[Data items]

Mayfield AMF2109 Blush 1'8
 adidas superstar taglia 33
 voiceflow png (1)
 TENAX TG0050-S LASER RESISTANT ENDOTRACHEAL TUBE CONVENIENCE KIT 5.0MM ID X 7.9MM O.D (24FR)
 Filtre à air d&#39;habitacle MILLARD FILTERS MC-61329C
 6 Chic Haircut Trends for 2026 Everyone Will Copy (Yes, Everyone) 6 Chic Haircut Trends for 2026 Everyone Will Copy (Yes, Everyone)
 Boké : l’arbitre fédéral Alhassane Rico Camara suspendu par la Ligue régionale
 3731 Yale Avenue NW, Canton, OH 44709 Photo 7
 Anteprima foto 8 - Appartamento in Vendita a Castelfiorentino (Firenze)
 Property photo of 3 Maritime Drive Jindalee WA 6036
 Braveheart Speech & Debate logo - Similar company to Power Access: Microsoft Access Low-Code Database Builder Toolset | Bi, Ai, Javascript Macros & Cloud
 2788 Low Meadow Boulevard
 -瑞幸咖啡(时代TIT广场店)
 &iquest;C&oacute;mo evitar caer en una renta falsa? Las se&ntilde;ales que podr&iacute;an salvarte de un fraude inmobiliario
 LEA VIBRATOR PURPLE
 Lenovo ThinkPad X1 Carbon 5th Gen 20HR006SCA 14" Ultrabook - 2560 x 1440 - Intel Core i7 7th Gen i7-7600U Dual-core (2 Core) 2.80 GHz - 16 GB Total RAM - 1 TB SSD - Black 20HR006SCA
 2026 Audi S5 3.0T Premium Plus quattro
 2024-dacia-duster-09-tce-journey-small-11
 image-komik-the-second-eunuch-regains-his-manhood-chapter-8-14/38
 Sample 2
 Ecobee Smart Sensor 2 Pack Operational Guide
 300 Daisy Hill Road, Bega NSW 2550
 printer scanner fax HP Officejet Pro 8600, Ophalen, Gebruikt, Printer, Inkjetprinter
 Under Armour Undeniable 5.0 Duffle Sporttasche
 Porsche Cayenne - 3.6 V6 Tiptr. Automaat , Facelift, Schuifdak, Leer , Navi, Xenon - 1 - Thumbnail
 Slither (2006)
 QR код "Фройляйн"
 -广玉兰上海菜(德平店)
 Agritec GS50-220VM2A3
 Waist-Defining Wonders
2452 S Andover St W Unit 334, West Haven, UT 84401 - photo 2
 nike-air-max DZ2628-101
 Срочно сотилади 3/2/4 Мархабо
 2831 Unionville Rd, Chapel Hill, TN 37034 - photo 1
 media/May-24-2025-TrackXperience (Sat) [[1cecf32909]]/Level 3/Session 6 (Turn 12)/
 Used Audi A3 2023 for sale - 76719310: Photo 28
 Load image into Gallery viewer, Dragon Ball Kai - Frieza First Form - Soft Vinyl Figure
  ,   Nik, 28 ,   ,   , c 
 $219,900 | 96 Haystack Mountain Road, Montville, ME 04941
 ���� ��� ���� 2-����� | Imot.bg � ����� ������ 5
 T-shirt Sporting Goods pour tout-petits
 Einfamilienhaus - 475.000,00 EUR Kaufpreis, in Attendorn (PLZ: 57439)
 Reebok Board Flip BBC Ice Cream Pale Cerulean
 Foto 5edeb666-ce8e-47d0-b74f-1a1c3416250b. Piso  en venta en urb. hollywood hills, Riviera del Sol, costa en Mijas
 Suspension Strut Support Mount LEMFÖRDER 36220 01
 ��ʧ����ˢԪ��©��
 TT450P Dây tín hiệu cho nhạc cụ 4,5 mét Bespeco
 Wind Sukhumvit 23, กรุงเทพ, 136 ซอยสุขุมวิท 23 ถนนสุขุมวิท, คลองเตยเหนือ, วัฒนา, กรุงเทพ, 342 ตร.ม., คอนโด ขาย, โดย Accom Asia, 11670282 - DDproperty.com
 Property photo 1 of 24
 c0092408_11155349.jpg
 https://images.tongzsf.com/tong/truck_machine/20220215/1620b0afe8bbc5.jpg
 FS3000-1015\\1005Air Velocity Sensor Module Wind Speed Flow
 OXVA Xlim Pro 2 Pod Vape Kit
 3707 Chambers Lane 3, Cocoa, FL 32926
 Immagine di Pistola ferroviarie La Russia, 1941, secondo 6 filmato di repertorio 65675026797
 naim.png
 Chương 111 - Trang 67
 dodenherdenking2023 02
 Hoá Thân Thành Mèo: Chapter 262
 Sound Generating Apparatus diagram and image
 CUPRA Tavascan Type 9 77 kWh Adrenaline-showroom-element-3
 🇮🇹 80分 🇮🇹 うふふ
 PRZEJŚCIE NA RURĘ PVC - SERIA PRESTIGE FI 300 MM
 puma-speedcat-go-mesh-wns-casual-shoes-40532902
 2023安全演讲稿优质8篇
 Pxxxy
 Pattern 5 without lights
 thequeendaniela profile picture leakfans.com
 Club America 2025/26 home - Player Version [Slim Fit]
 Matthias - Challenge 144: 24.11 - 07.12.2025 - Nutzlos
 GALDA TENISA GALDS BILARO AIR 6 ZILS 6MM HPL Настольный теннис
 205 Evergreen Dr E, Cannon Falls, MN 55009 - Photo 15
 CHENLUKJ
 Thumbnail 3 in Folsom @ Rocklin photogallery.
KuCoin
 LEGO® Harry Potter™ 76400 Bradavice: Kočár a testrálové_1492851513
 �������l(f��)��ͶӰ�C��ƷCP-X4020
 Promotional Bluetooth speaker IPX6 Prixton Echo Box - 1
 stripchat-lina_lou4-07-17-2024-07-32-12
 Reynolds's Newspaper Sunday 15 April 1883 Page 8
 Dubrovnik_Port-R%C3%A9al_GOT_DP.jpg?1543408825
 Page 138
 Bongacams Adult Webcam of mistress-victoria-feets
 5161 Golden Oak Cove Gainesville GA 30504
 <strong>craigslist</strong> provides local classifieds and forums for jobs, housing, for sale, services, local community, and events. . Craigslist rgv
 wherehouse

* **Work required**
Nothing but an exact copy of the lines from the start of the entries through the line containing "Срочно сотилади 3/2/4 Мархабо" belongs in the response.

* **Written answer**
Mayfield AMF2109 Blush 1'8
 adidas superstar taglia 33
 voiceflow png (1)
 TENAX TG0050-S LASER RESISTANT ENDOTRACHEAL TUBE CONVENIENCE KIT 5.0MM ID X 7.9MM O.D (24FR)
 Filtre à air d&#39;habitacle MILLARD FILTERS MC-61329C
 6 Chic Haircut Trends for 2026 Everyone Will Copy (Yes, Everyone) 6 Chic Haircut Trends for 2026 Everyone Will Copy (Yes, Everyone)
 Boké : l’arbitre fédéral Alhassane Rico Camara suspendu par la Ligue régionale
 3731 Yale Avenue NW, Canton, OH 44709 Photo 7
 Anteprima foto 8 - Appartamento in Vendita a Castelfiorentino (Firenze)
 Property photo of 3 Maritime Drive Jindalee WA 6036
 Braveheart Speech & Debate logo - Similar company to Power Access: Microsoft Access Low-Code Database Builder Toolset | Bi, Ai, Javascript Macros & Cloud
 2788 Low Meadow Boulevard
 -瑞幸咖啡(时代TIT广场店)
 &iquest;C&oacute;mo evitar caer en una renta falsa? Las se&ntilde;ales que podr&iacute;an salvarte de un fraude inmobiliario
 LEA VIBRATOR PURPLE
 Lenovo ThinkPad X1 Carbon 5th Gen 20HR006SCA 14" Ultrabook - 2560 x 1440 - Intel Core i7 7th Gen i7-7600U Dual-core (2 Core) 2.80 GHz - 16 GB Total RAM - 1 TB SSD - Black 20HR006SCA
 2026 Audi S5 3.0T Premium Plus quattro
 2024-dacia-duster-09-tce-journey-small-11
 image-komik-the-second-eunuch-regains-his-manhood-chapter-8-14/38
 Sample 2
 Ecobee Smart Sensor 2 Pack Operational Guide
 300 Daisy Hill Road, Bega NSW 2550
 printer scanner fax HP Officejet Pro 8600, Ophalen, Gebruikt, Printer, Inkjetprinter
 Under Armour Undeniable 5.0 Duffle Sporttasche
 Porsche Cayenne - 3.6 V6 Tiptr. Automaat , Facelift, Schuifdak, Leer , Navi, Xenon - 1 - Thumbnail
 Slither (2006)
 QR код "Фройляйн"
 -广玉兰上海菜(德平店)
 Agritec GS50-220VM2A3
 Waist-Defining Wonders
2452 S Andover St W Unit 334, West Haven, UT 84401 - photo 2
 nike-air-max DZ2628-101
 Срочно сотилади 3/2/4 Мархабо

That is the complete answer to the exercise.